(Collected data entries)
BEGIN

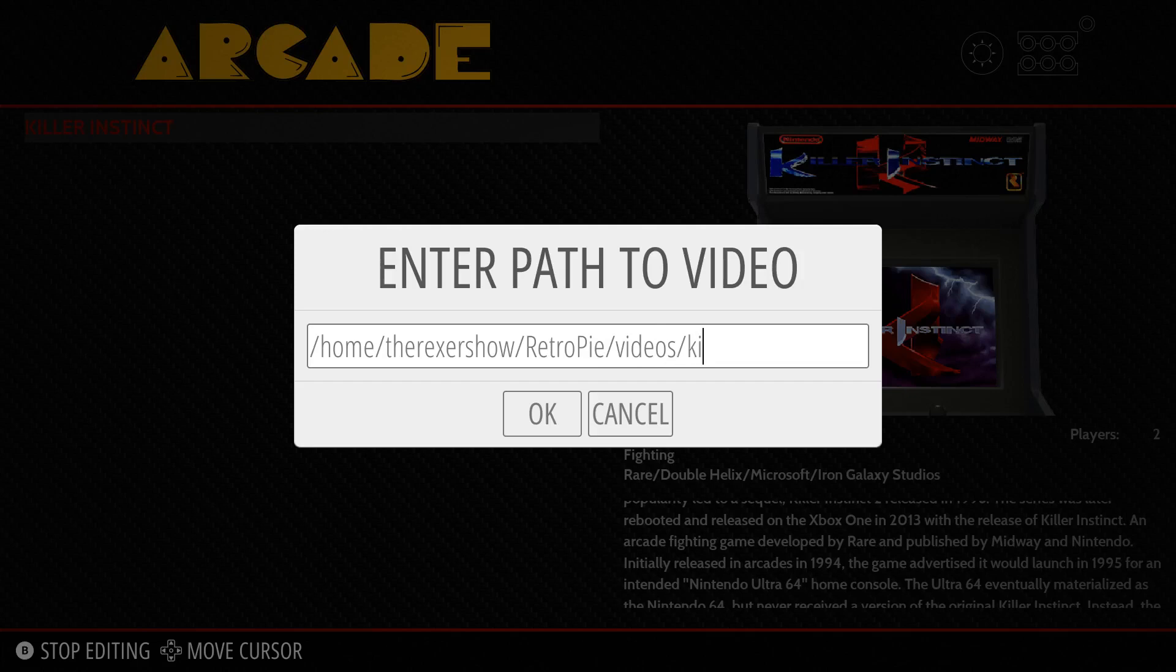My directory was home, the Rexor Show, RetroPie, videos, ki-video, the name of the video, .mp4. We're going to go down and hit OK.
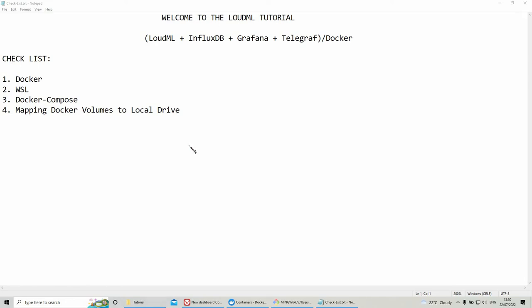Hello, today we're going to talk about implementing LoudML in InfluxDB, Grafana and Telegraph over Docker.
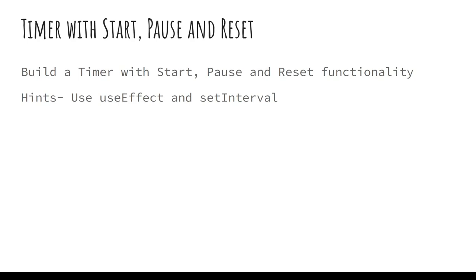Hello guys. Today let's try another simple React developer interview question where we are going to build a timer with start, pause, and reset functionality.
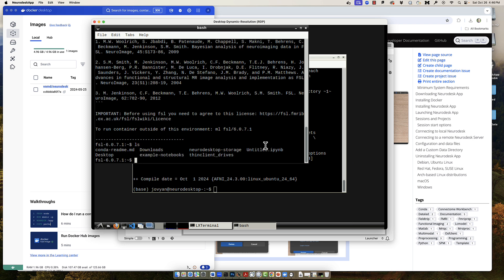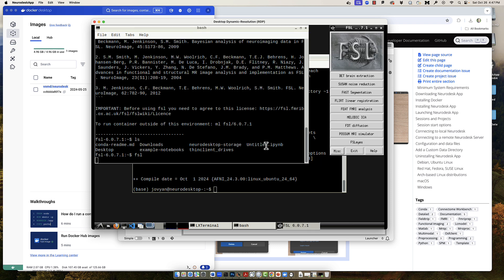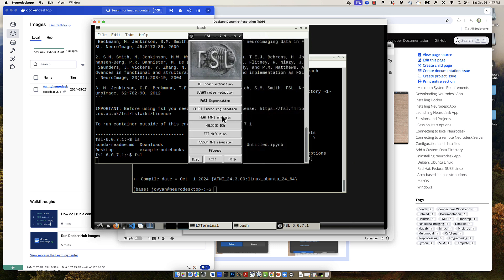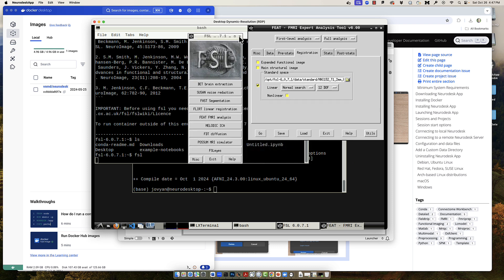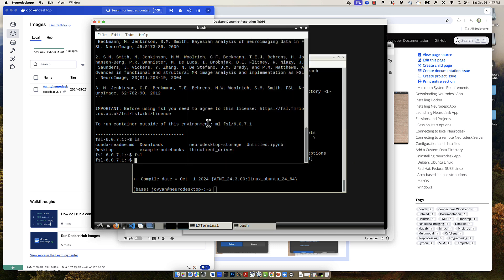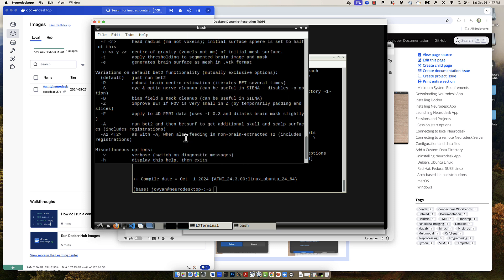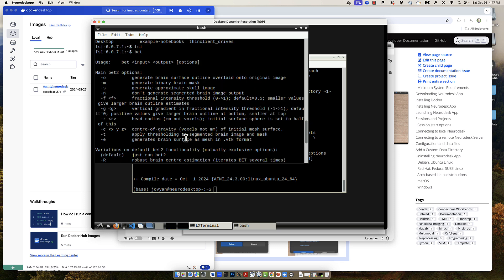In that terminal you have access to all of the commands in the FSL library. For example, we could open up the typical FSL graphical user interface, which gives you access to things like FEAT, and you also have access to command line commands such as BET, the brain extraction tool.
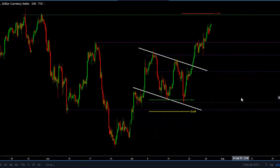Now to the technicals. Remember that if these numbers come in on Friday like this, it's going to have an immediate negative reaction to the US dollar.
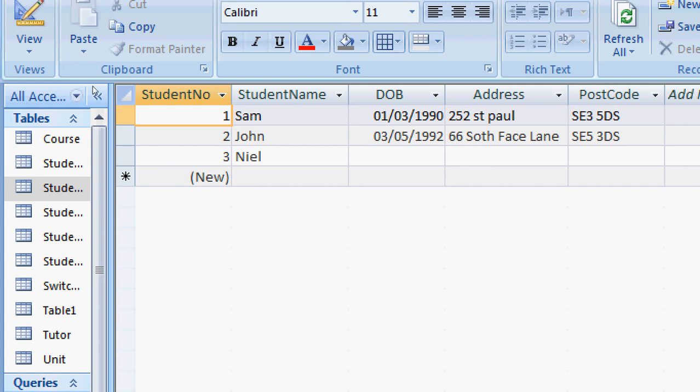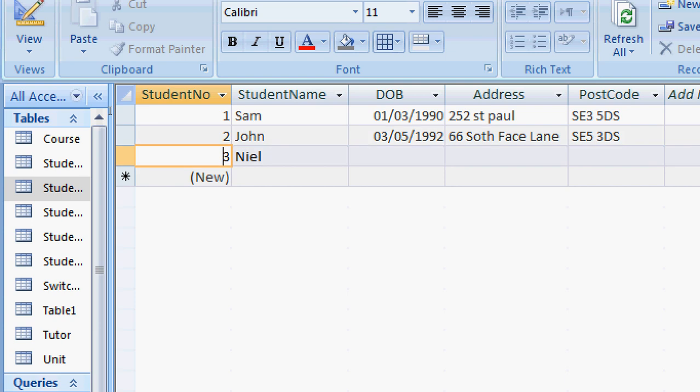Instead of this format, suppose I want to always see five digits. That means the first one should appear as four zeros and one, the second one as four zeros and two, and the third one as four zeros and three.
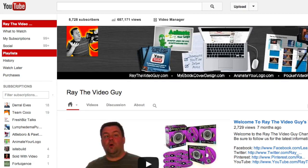Hey guys, Ray here. I just wanted to show you the new commenting system that YouTube has just added to their videos, and I wanted to get this to you right away. I'm actually in a hotel room out in Vegas, so I apologize if the sound quality isn't as good as normal. Let's start off.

END

_WHAT NEEDS TO BE DONE_
Only the lines from the line with "Hello, today we're" to the end of the records should be repeated, exactly and without pictures.

_OUTPUT FOR THIS EXERCISE_
Hello, today we're going to talk about implementing LoudML in InfluxDB, Grafana and Telegraph over Docker.
Hello guys. Today let's try another simple React developer interview question where we are going to build a timer with start, pause, and reset functionality.
In that terminal you have access to all of the commands in the FSL library. For example, we could open up the typical FSL graphical user interface, which gives you access to things like FEAT, and you also have access to command line commands such as BET, the brain extraction tool.
Now to the technicals. Remember that if these numbers come in on Friday like this, it's going to have an immediate negative reaction to the US dollar.
Instead of this format, suppose I want to always see five digits. That means the first one should appear as four zeros and one, the second one as four zeros and two, and the third one as four zeros and three.
Hey guys, Ray here. I just wanted to show you the new commenting system that YouTube has just added to their videos, and I wanted to get this to you right away. I'm actually in a hotel room out in Vegas, so I apologize if the sound quality isn't as good as normal. Let's start off.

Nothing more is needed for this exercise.